Key Parts of a Perceptron:
Inputs: Features of the data (e.g., X1, X2)
Weights: Values that determine the importance of each input
Bias: A constant added to the result to shift the decision boundary.
Activation Function: Usually a step function that outputs 1 if the total input is above a threshold, and 0 otherwise.
Output: The prediction (1 or 0)
Activation Function
Function that determines if a neuron fires (e.g., threshold, sigmoid).
Bias Term
A constant added to the weighted sum to shift the decision boundary.
Weight
A value that determines the importance of a given input in a neuron.
Linearly Separable
A dataset that can be separated by a straight line.
XOR Problem
A logic function that is not linearly separable; can't be solved by a single perceptron.
Multilayer Perceptron
A neural network with one or more hidden layers, capable of solving non-linear problems.
McCulloch-Pitts Neuron
An early model of a neuron using binary input, summation, and threshold activation.

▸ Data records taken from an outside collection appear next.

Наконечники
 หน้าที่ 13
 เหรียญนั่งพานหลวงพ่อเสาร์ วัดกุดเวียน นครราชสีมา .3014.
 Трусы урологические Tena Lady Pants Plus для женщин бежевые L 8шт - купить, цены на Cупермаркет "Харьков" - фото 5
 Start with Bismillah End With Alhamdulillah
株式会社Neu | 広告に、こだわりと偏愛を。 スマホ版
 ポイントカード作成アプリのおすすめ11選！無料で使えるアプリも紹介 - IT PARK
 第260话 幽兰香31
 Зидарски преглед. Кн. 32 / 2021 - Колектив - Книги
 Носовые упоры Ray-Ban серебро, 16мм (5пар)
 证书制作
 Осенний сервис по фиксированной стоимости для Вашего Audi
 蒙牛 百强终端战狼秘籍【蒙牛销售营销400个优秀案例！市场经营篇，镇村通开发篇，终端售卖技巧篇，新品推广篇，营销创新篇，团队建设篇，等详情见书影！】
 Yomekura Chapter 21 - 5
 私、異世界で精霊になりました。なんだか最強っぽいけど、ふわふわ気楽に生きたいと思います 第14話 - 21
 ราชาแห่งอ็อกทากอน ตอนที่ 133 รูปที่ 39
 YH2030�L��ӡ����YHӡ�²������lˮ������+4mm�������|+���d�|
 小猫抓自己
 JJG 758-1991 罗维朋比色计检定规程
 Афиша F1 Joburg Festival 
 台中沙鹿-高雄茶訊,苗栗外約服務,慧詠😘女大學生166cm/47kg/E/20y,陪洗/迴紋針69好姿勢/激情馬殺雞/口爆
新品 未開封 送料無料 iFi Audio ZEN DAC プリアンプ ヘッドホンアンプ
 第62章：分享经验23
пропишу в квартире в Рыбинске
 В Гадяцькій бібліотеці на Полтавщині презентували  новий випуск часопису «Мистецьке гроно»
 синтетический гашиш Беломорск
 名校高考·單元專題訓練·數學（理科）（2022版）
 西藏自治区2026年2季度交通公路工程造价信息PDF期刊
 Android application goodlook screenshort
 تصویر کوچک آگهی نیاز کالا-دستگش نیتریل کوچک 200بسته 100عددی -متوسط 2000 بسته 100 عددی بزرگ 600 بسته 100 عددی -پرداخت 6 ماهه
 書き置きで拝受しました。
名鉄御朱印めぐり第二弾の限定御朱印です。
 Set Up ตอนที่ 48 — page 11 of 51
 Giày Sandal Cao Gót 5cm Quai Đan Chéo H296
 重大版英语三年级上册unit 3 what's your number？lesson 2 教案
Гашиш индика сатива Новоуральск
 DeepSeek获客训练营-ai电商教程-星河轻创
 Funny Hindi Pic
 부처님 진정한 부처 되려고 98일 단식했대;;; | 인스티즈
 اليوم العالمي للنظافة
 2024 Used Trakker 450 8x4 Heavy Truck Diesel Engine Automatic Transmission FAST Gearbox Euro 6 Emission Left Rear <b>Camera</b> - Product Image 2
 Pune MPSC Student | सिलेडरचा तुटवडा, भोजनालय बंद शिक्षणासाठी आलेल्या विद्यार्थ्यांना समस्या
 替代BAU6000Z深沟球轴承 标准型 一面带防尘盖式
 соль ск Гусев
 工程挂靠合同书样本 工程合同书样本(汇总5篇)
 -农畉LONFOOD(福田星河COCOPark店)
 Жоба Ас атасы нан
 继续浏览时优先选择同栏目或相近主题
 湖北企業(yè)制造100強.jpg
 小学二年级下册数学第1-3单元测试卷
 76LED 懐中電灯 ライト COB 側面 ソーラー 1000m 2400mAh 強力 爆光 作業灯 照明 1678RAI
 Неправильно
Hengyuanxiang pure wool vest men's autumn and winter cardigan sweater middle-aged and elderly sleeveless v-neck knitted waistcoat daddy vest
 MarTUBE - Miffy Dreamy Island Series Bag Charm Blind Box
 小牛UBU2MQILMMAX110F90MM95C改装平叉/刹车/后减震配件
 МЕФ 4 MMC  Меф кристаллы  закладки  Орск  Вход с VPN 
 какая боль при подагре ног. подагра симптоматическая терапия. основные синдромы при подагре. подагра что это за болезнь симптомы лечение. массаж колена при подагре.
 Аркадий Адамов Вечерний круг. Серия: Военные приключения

The activity of the neuron is an ‘all-or-none’ process (either it fires - output 1, or it doesn’t - output 0)
Threshold Function
Fires if the weighted input sum exceeds a threshold.
Learning Rate
Controls how much weights are adjusted during training.
Biological Neurons
The basic building blocks of the nervous system, which process and transmit information through electrical and chemical signals. Biological neurons consist of a cell body, dendrites, and an axon.
Action Potential
A brief change in the electrical potential across the membrane. The inside of the neuron becomes positively charged.